In the late 1980s and early 1990s there were no bigger stars in music and film as Whitney Houston and Kevin Costner. It made sense at the time to put them together in order to increase their profiles and deliver a sure-fire box office hit. Taking over $410m, The Bodyguard did just that. Originally written with Steve McQueen and Diana Ross in mind, the script hung around Hollywood for 16 years until finally getting made and includes Oscar nominated songs by Houston herself.
Frank Farmer (Costner) is an ex-secret serviceman who agrees to a private bodyguard job dealing with Oscar-nominated singer/actress Rachel Marron (Houston). Having to contend with a sleazy publicist, a jealous sister and a disgruntled head of security, Frank increases protection around the star and slowly begins to fall in love with her.

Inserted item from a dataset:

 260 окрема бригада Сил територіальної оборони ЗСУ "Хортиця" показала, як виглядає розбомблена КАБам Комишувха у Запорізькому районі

There is something rather cynical at the core of The Bodyguard, with two central performances that do not manage to ignite any actual spark of passion between them, but clearly both chosen for their parts for the increase in publicity to their own ‘brands.’ Never has there been a more sure-fire hit in Hollywood, with both performers careers going sky-high, put together in a pulp thriller that does not tax either of their talents too much but has an audience-friendly approach to story-telling.
Despite these flaws, there are some redeeming features. Houston is actually convincing, being that she’s playing a version of herself it’s not too much of a stretch, while Costner is excellent as the bodyguard in question, and despite having the simmering tension of a block of wood, individually their characters work. The story itself is simplistic and predictable, but it is a nice throwback to thrillers of the late 1980s and early 1990s like Basic Instinct and Fatal Attraction, but with the edges removed.
From the opening saxophone soundtrack, to the impromptu and rather melodramatic rescue scenes, The Bodyguard shoots for iconic, rather than quality. And in this, it’s actually quite successful. Everyone remembers Costner carrying Houston out of a gig-gone-wrong and the individual songs I Have Nothing and I Will Always Love You are more memorable than the majority of the film.